◆ Work task:
None of the pictures should appear; the lines from the line containing "潛山縣網站開發(fā)建站" through the last line of the listing must be repeated exactly.
Start of Data provided
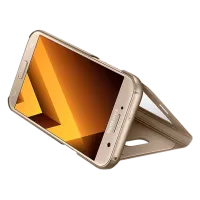 Чехол для смартфона Samsung Galaxy A7 (2017) Samsung/ Standing Cover/ PU/ Золотой photo 3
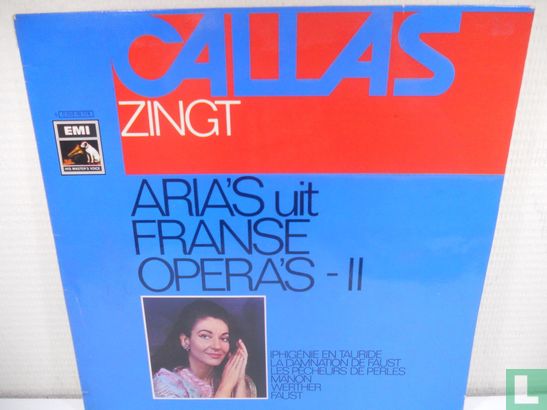 Callas Zingt Aria's Uit Franse Opera's II - Image 1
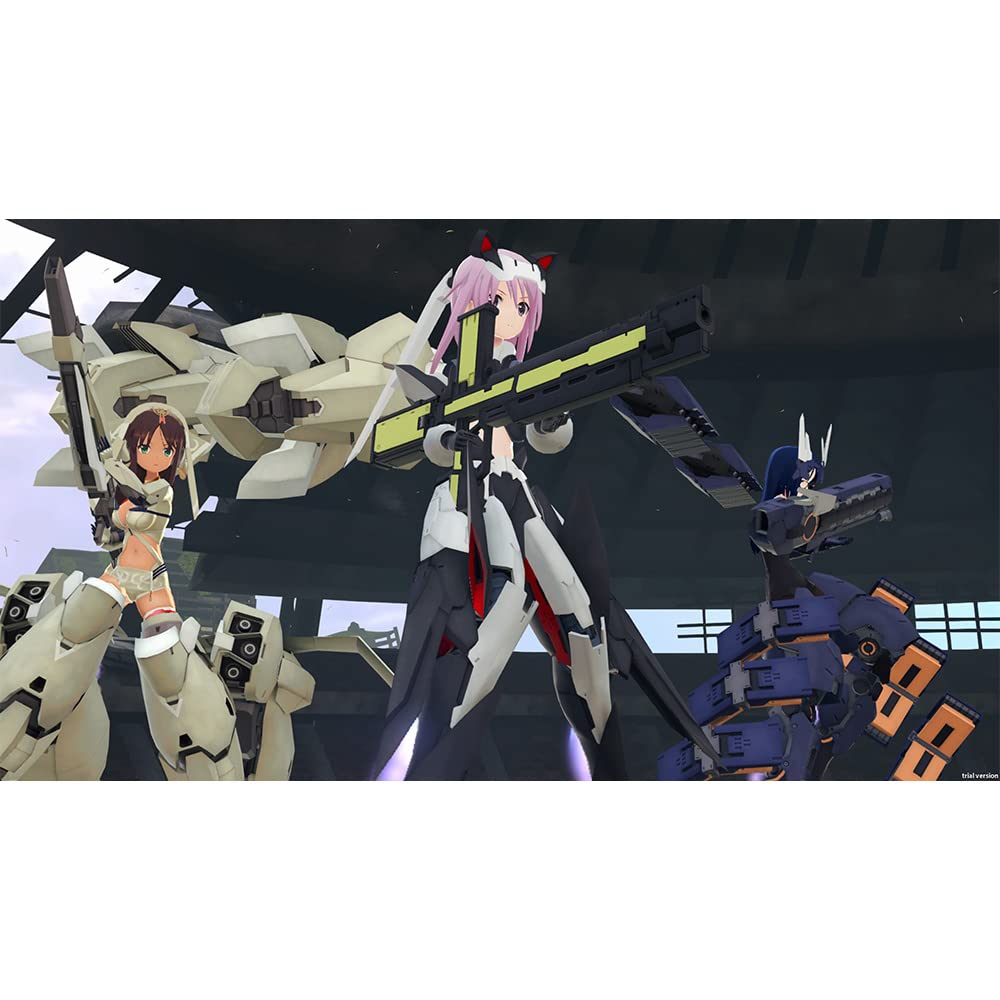 Alice Gear Aegis CS для Switch ~Concerto Simulatrix~ -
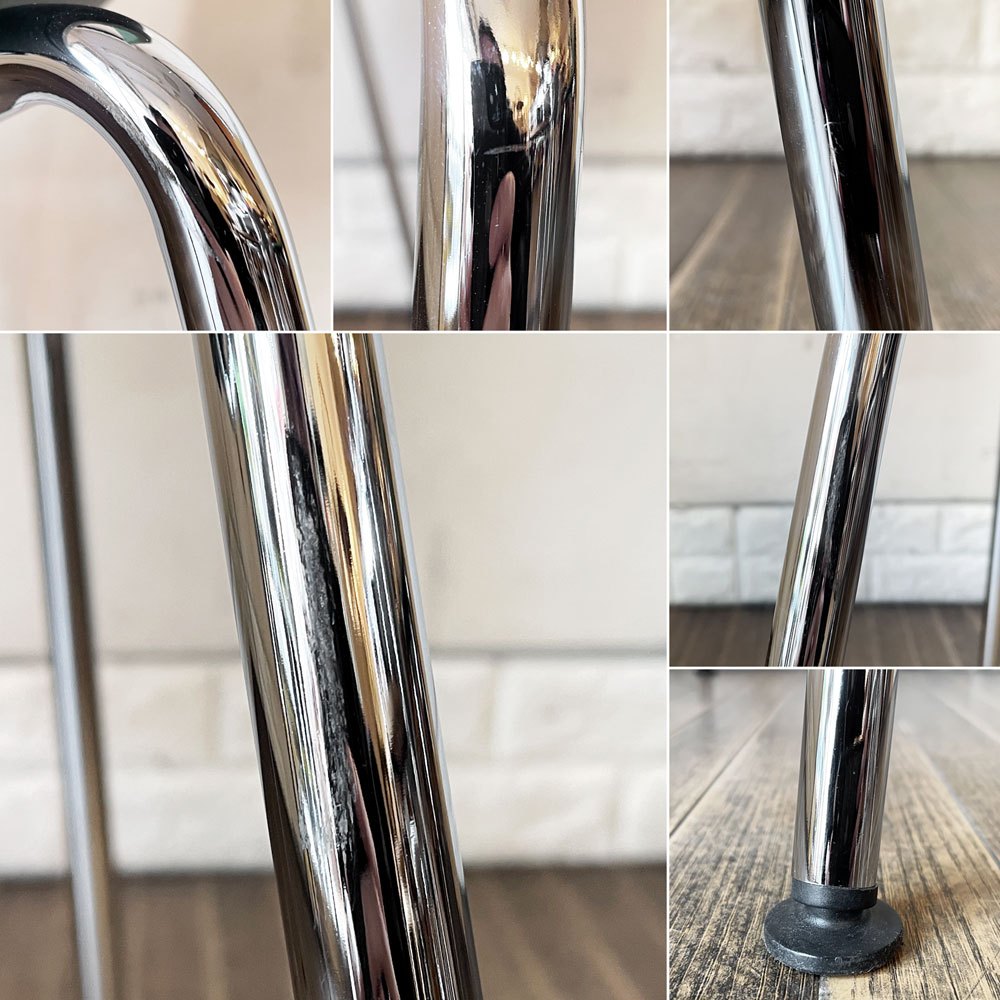 ヴィトラ vitra ハルチューブ HAL Tube サイドチェア ダイニングチェア グリーン スタッキング ジャスパー・モリソン 定価¥39,600- A ◎
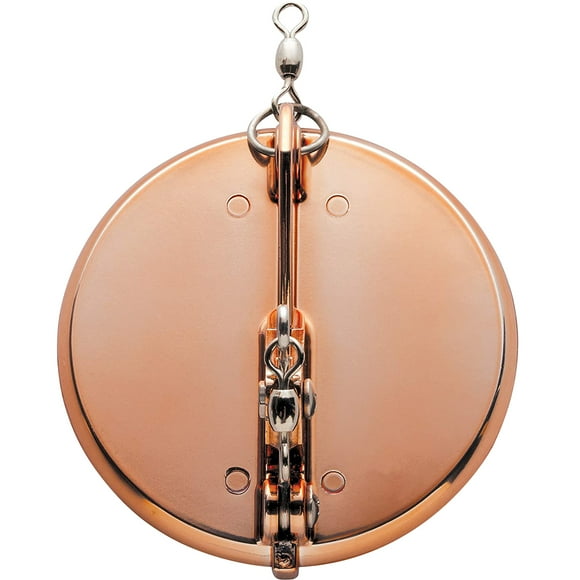 Luhr Jensen 4 7/8 Pouces Dipsy Diver - Fond Cuivre/cuivre Métallique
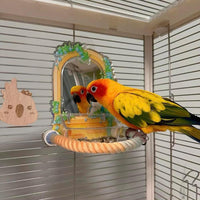 Colorful Rope Perch for Bird Cages – Pawy product photo 2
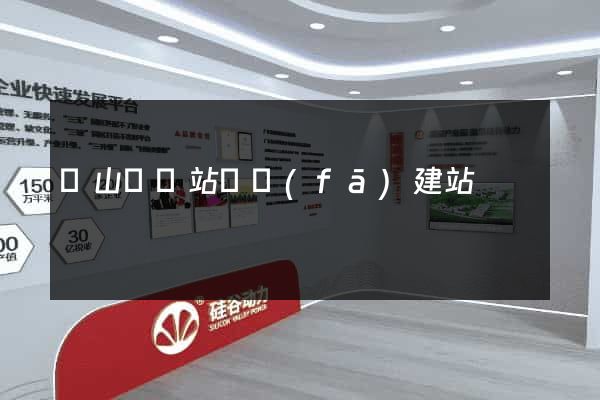 潛山縣網站開發(fā)建站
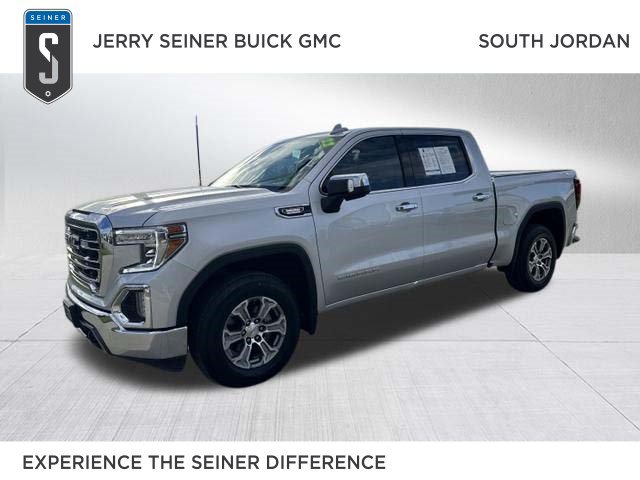 Used 2022 GMC Sierra 1500 SLT AWD/4WD image 1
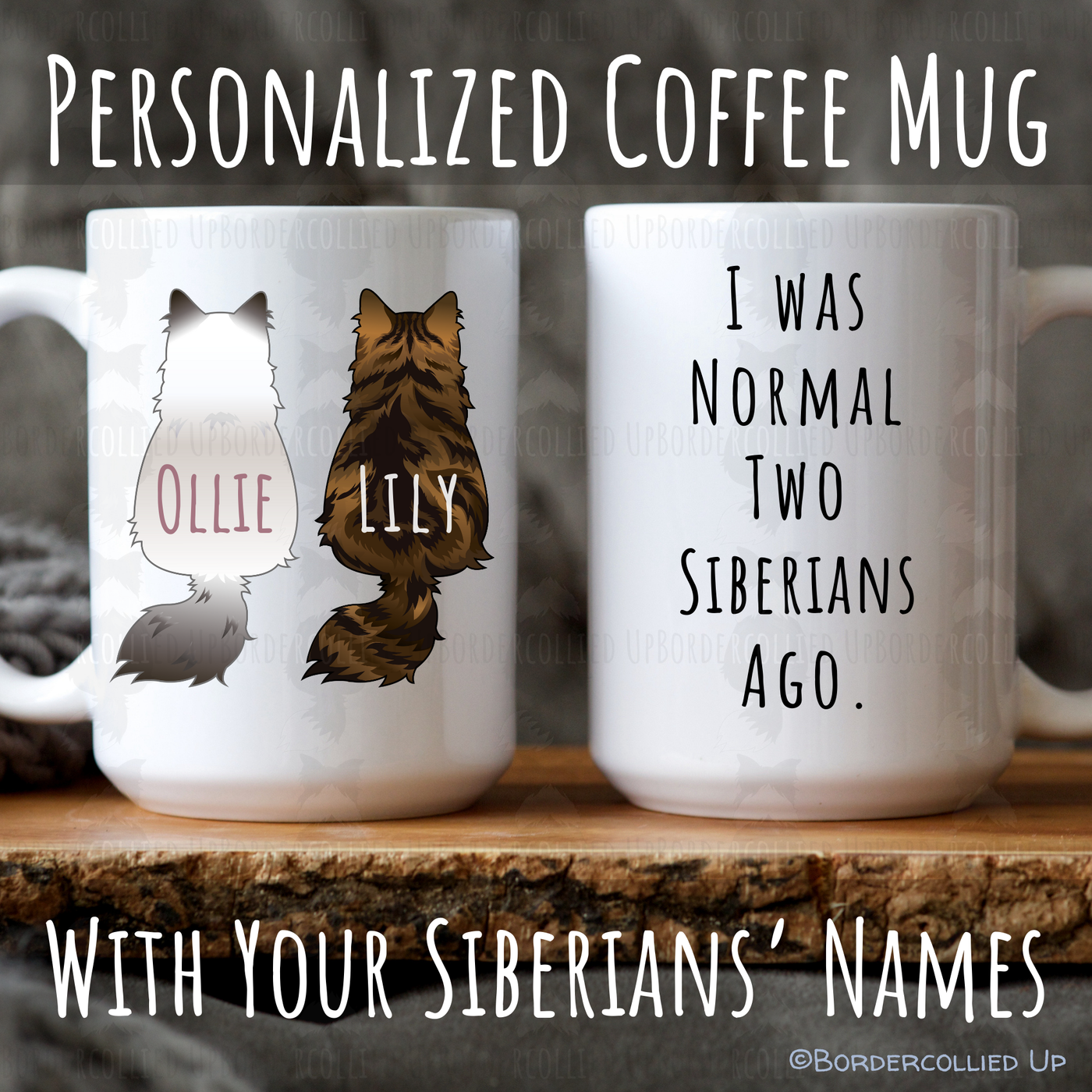 Personalized Kitty Mug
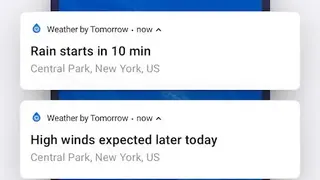 Weather by Tomorrow screenshot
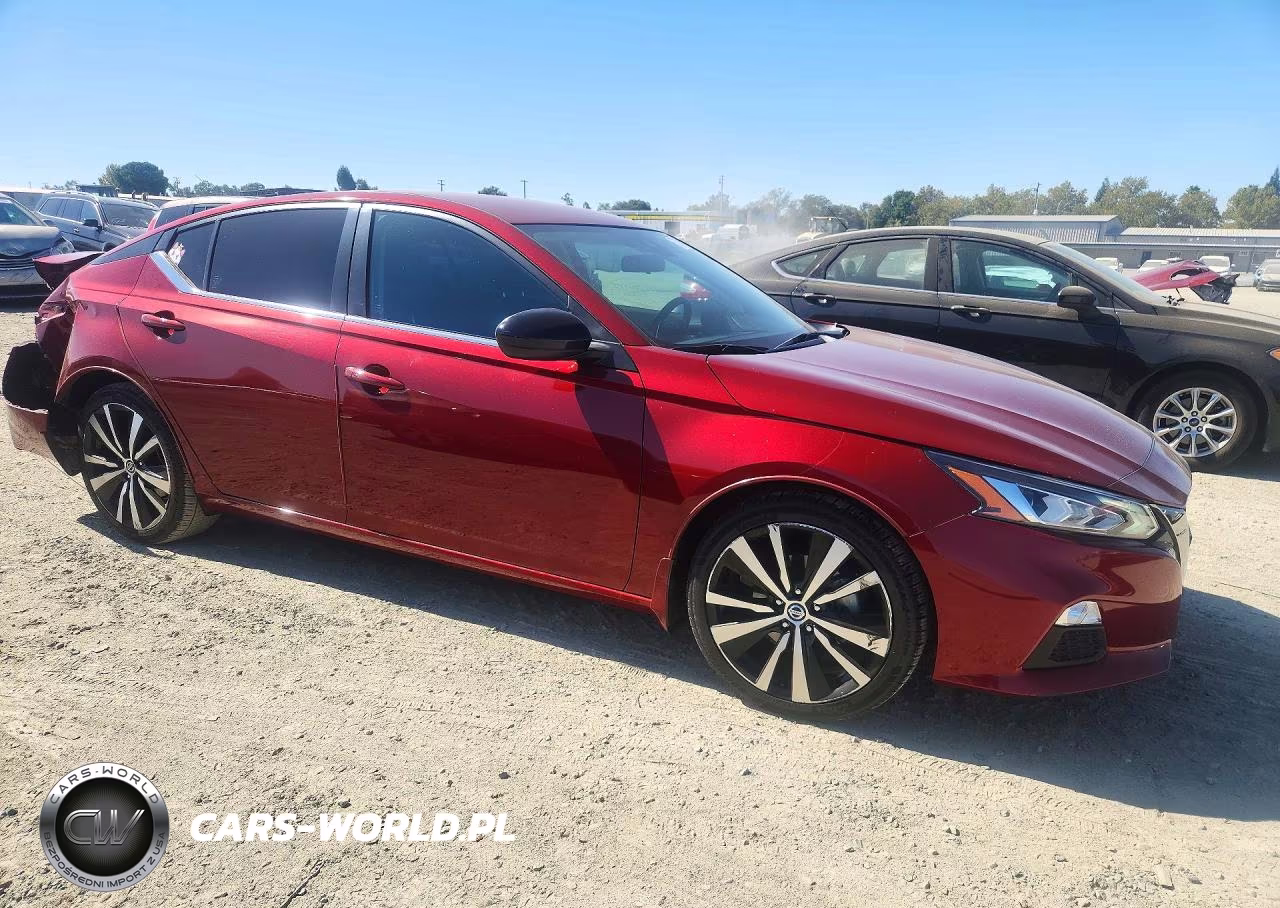 2022 Nissan Altima Sr VIN:1N4BL4CV3NN420396 - 4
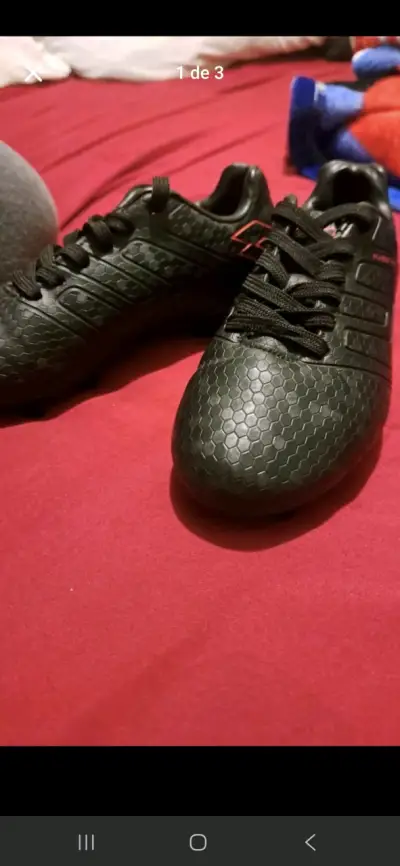 Zapatillas deportivas negras - miniatura 1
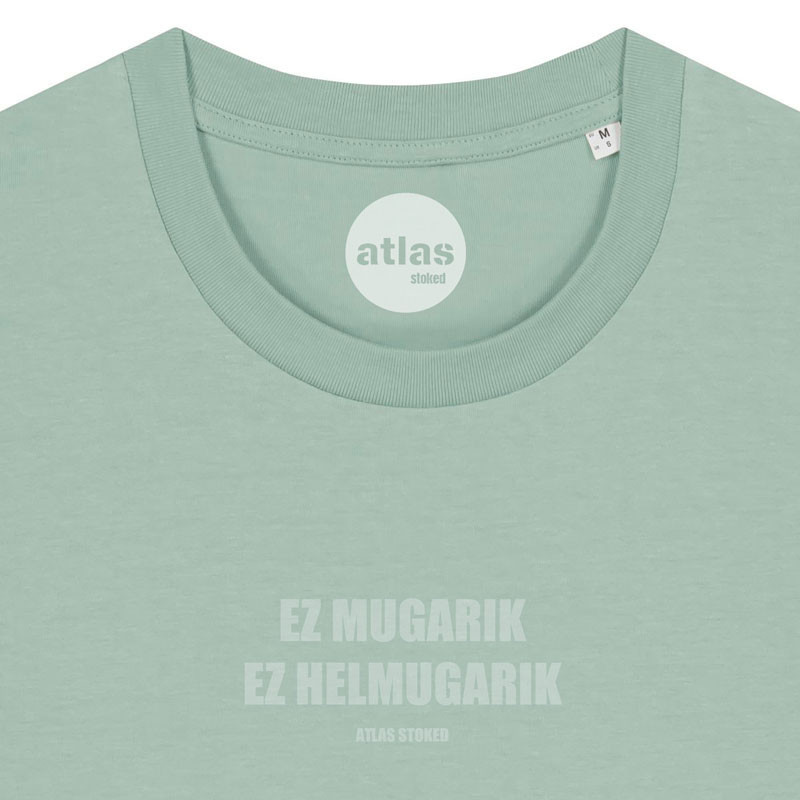 Camiseta Atlas: Alaska (Aloe)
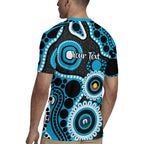 Sharks NAIDOC Week 2026 Personalised Rugby Jersey 50 Years of Deadly Aboriginal Art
End of Data provided
◆ Completed exercise:
 潛山縣網站開發(fā)建站
 Used 2022 GMC Sierra 1500 SLT AWD/4WD image 1
 Personalized Kitty Mug
 Weather by Tomorrow screenshot
 2022 Nissan Altima Sr VIN:1N4BL4CV3NN420396 - 4
 Zapatillas deportivas negras - miniatura 1
 Camiseta Atlas: Alaska (Aloe)
 Sharks NAIDOC Week 2026 Personalised Rugby Jersey 50 Years of Deadly Aboriginal Art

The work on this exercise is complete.